Lots of people come in Australia untrained and they get trained here in no time. So if you are not trained of handling animals then don't worry the Australians will train you.


----------



## Joanna Burnet (Jul 3, 2011)

Exactly, we are Australians and we will train you!
We also guarantee jobs!


----------



## kellyanne1703 (Jun 16, 2011)

Thanks for all the really helpful info! Joanna will definately book thro you im not goin for another year yet as got to save some money up


----------



## Joanna Burnet (Jul 3, 2011)

If you like to send us your address we can certainly send you some helpful information and a booklet about what to do in Queensland.


----------



## kellyanne1703 (Jun 16, 2011)

Joanna Burnet said:


> If you like to send us your address we can certainly send you some helpful information and a booklet about what to do in Queensland.


Hi my address is

23 pittlesden
Tenterden
Kent
Uk
Tn306hj

Thanks


----------



## Joanna Burnet (Jul 3, 2011)

Small world - a great uncle of mine used to have a sheep farm near Tenterden!
Booklet and info on the way for you.


----------



## kellyanne1703 (Jun 16, 2011)

Cool! Yh thanks! Mite ask some on the farms if i could help out for a few hours to get a bit of expereince so know something for when i come ova to oz


----------



## Joanna Burnet (Jul 3, 2011)

You don't need to worry. You will get five days introductory and safety training from us so that you will go out on to the working farm full of confidence because you will know something about what you are doing.
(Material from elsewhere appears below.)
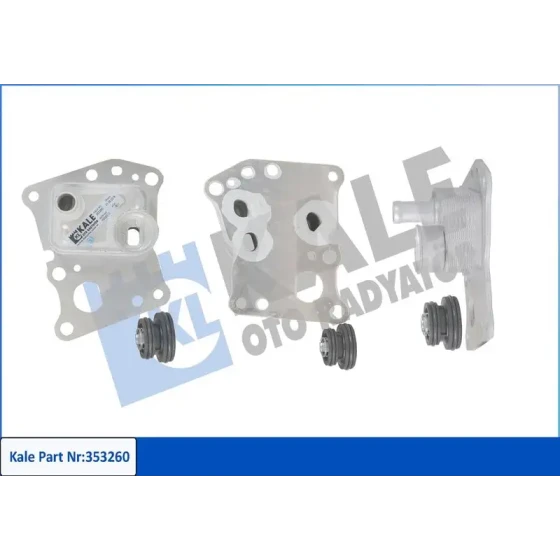 KALE Motor Yağ Soğutucu – 353260 ürün görseli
You will get paid too!


----------



## AmericanGirl (Aug 3, 2011)

*Need help...*



Joanna Burnet said:


> Small world - a great uncle of mine used to have a sheep farm near Tenterden!
> Booklet and info on the way for you.


Hi... I Was wondering if anyone has any info as to how me and my family could move to Australia. I live in the USA and want to move to Australia and find a job. I have 10 year old twins (boy/girl) and would like to do this before they get any older.... my husband was thinking about Mexico, but i have always loved Australia... I have never been there personally, but from what i've seen in books, magazines etc... I love it! 
Your attention on this matter will be greatly appreciated... 

Thank you so much...
Angie


----------



## Joanna Burnet (Jul 3, 2011)

With 10 year old twins you are out of the range for a Work and Holiday visa - but have you tried Skilled Migration ? Department of Immigration & Citizenship


----------